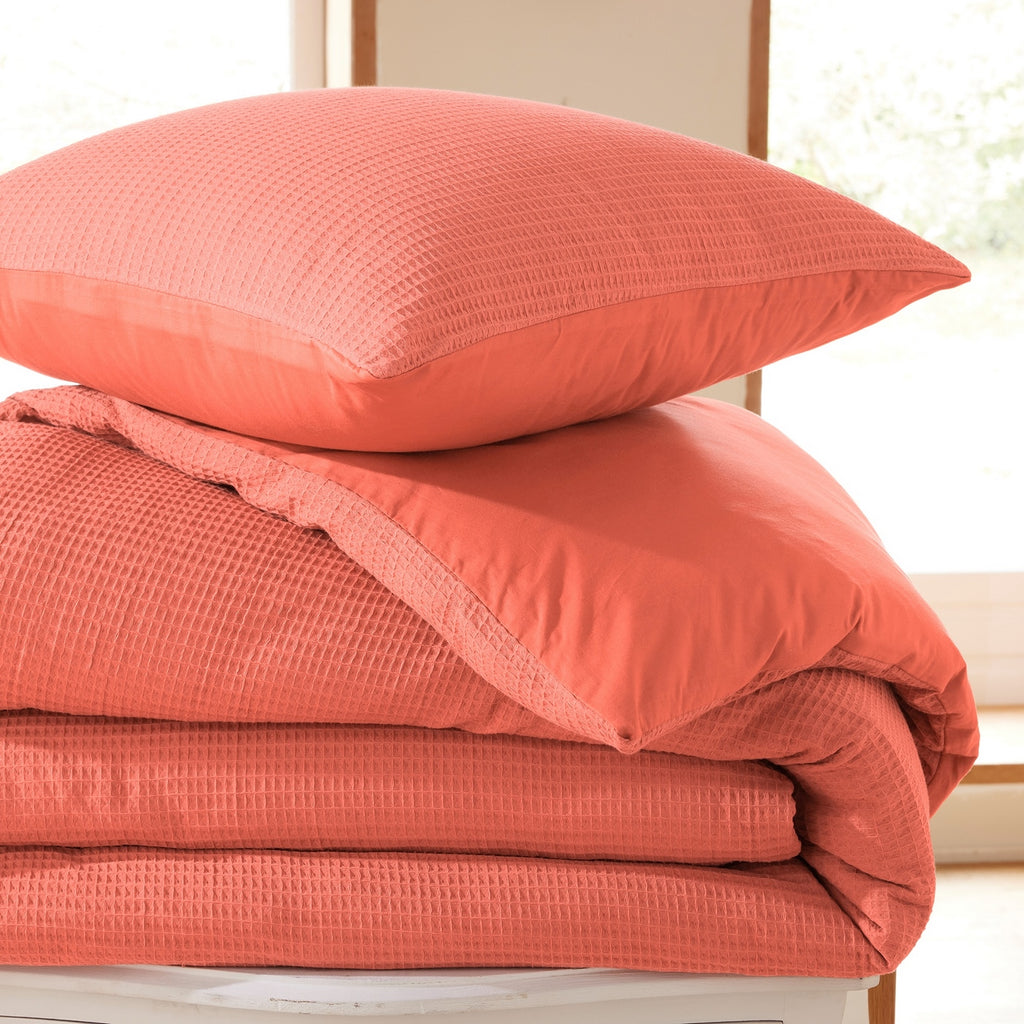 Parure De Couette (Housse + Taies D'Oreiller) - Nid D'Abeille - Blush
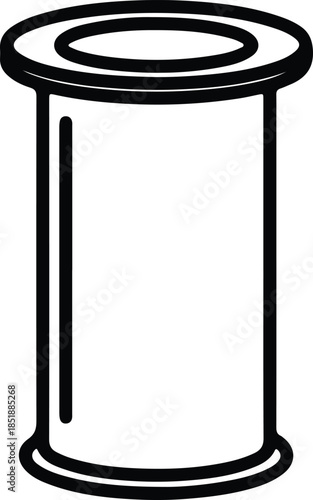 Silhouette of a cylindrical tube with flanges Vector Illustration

...

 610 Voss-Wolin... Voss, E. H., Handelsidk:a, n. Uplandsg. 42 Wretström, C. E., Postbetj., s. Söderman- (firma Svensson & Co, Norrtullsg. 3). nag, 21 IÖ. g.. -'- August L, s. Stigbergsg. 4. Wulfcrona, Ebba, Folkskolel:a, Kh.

Work required ::
Pictures do not belong in the answer. Return the lines above starting at the one with "Parure De Couette" and ending at the one with "Silhouette of a", both kept, exactly.

Problem solution ::
 Parure De Couette (Housse + Taies D'Oreiller) - Nid D'Abeille - Blush
 Silhouette of a cylindrical tube with flanges Vector Illustration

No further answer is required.